To make your ReadOnlyConnector or WritableConnector support paging, simply implement the Pageable interface:
package org.modeshape.jcr.federation.spi;
public interface Pageable {
/**
* Return a document which represents a page of children. The document for the parent node
* should include as many children as desired, and then include a reference to the next
* page of children with the {{PageWriter#addPage(String, String, long, long)}} method.
* Each page returned by this method should also include a reference to the next page.
*
* @param pageKey a non-null {@link PageKey} instance, which offers information about the
* page that should be retrieved.
* @return either a non-null page document or {@code null} indicating that such a page
* doesn't exist
*/
Document getChildren( PageKey pageKey );
}
ModeShape then knows that the document for the parent will contain only some of the children and how to access each page of children as needed.
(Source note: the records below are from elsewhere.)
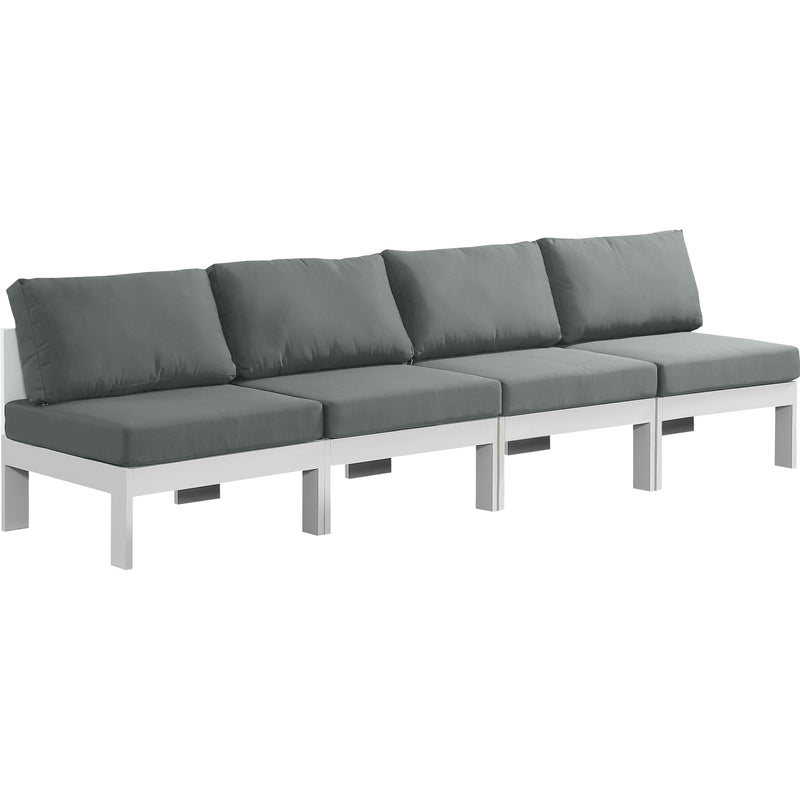 Meridian Outdoor Seating Sofas 375Grey-S120B IMAGE 1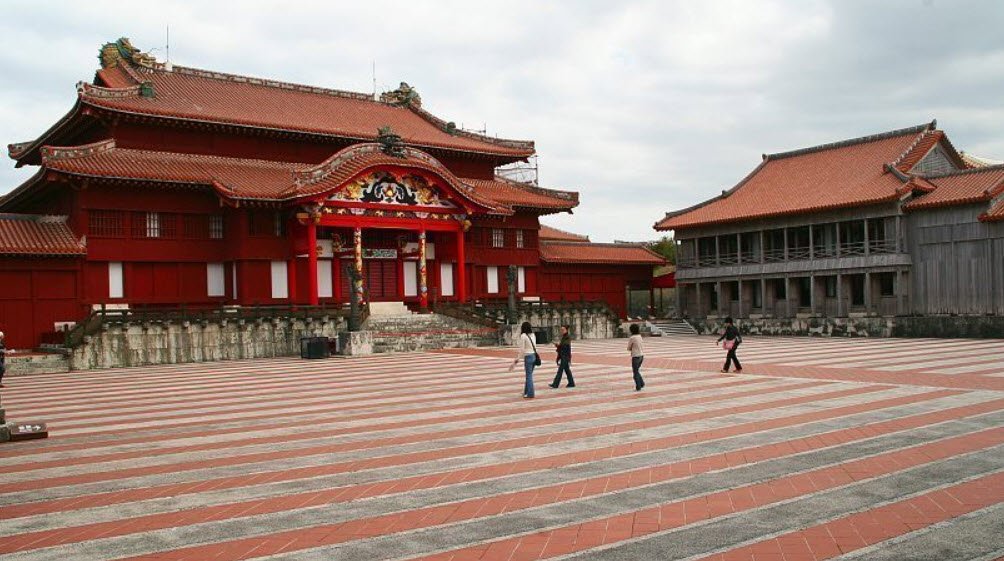 Shuri Castle, Japan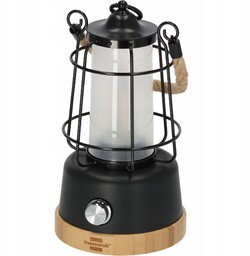 Brennenstuhl Cal 1 Lampa Kempingowa Bambus Powerbank Usb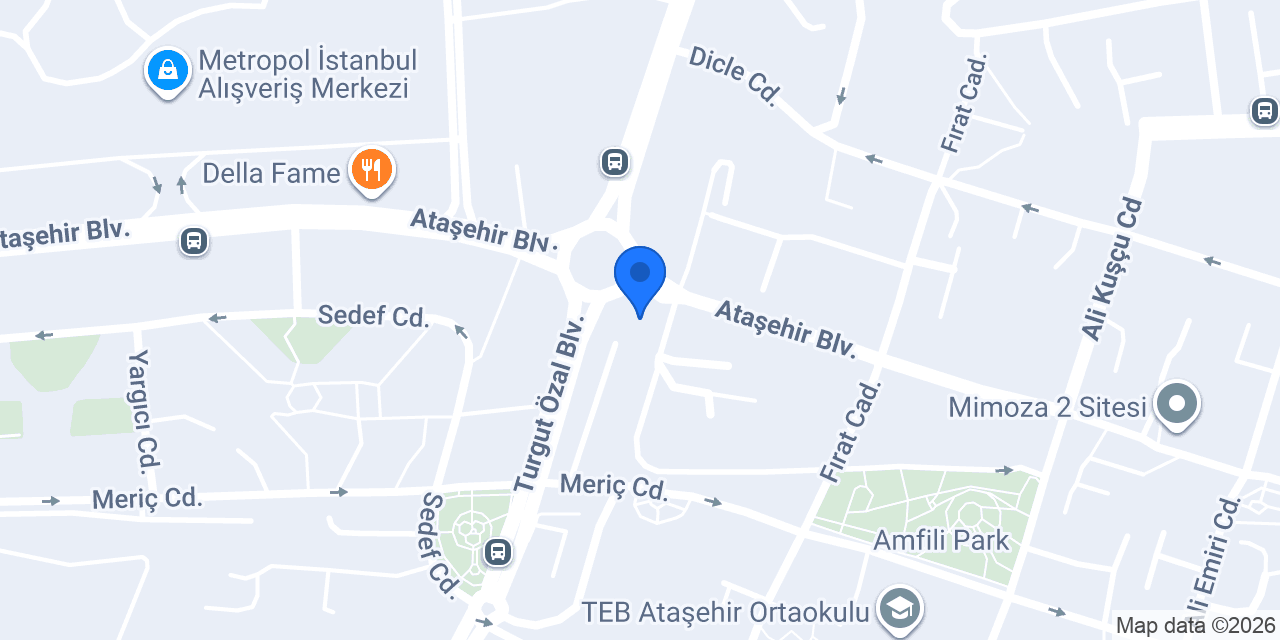 Atinak Mühendislik konumu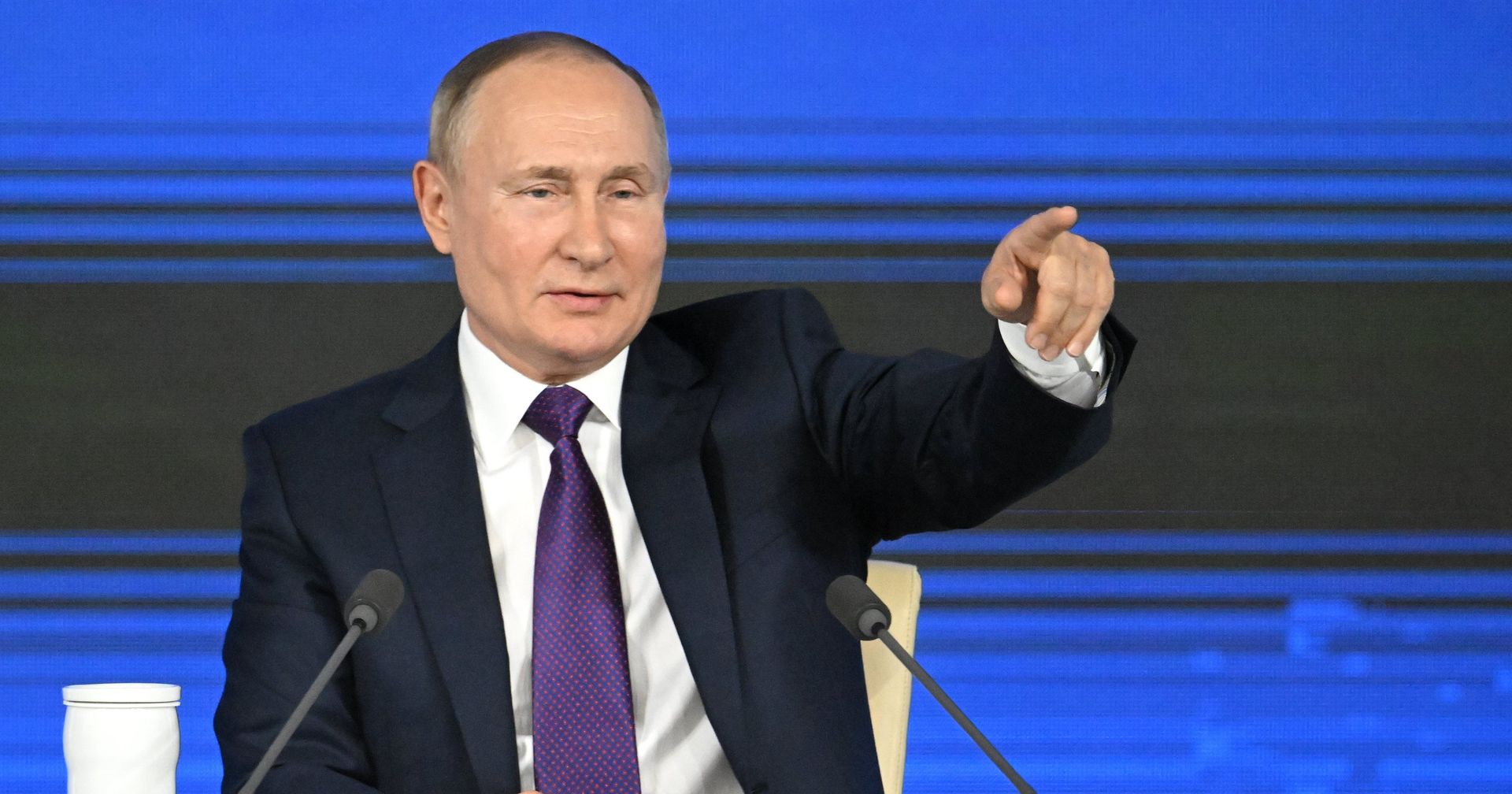 Ежегодная пресс-конференция президента России Владимира Путина - ИноСМИ, 1920, 14.01.2022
For example, here's an example of code that might be used in a connector's "getDocumentById(...)" method to include some of the children in the parent node's document and to include a reference to a second page of children. This uses an imaginary "Book" class that is presumed to represent information about a book in a library:
String id = "category/Americana";
DocumentWriter writer = newDocument(id);
writer.setPrimaryType("lib:category");
writer.addProperty("lib:description", "Classic American literature");
// Get the books in this category ...
Collection<Book> books = getBooksInCategory("Americana");
// Put just 20 in this document ...
count = 0;
for ( Book book : books ) {
writer.addChild(book.getId(),book.getTitle());
if ( ++count == 20 ) break;
}
if ( count == 20 ) {
// There were more than 20 books, so add a reference to the next page
// that starts with the 20th book ...
writer.addPage(id, 20, 20, books.size());
}
Document doc = writer.document();
Then, the connector's "getPage(...)" method would implement getting the child references for a particular page:
public Document getPage( PageKey pageKey ) {
String parentId = pageKey.getParentId();
int offset = pageKey.getOffsetInt();
String category = parentId.substring(9); // we assume this is "category/{categoryName}"
DocumentWriter writer = newDocument(parentId);
// Get the next 20 books in this category plus one so we know there are more ...
List<Book> books = getBooksInCategory("Americana").sublist(offset,offset+20+1); // no error checking here!
for ( Book book : books ) {
writer.addChild(book.getId(),book.getTitle());
if ( ++count == 20 ) break;
}
if ( count == 20 ) {
// There were more than 20 books, so add a reference to the next page
// that starts with the 20th book ...
writer.addPage(id, 20, 20, books.size());
}
Document doc = writer.document();
}
As you can see, the logic of getPage(...) is actually very similar to the logic that adds children in the getDocumentById(...) method, and your connector might find it useful to abstract this into a single helper method.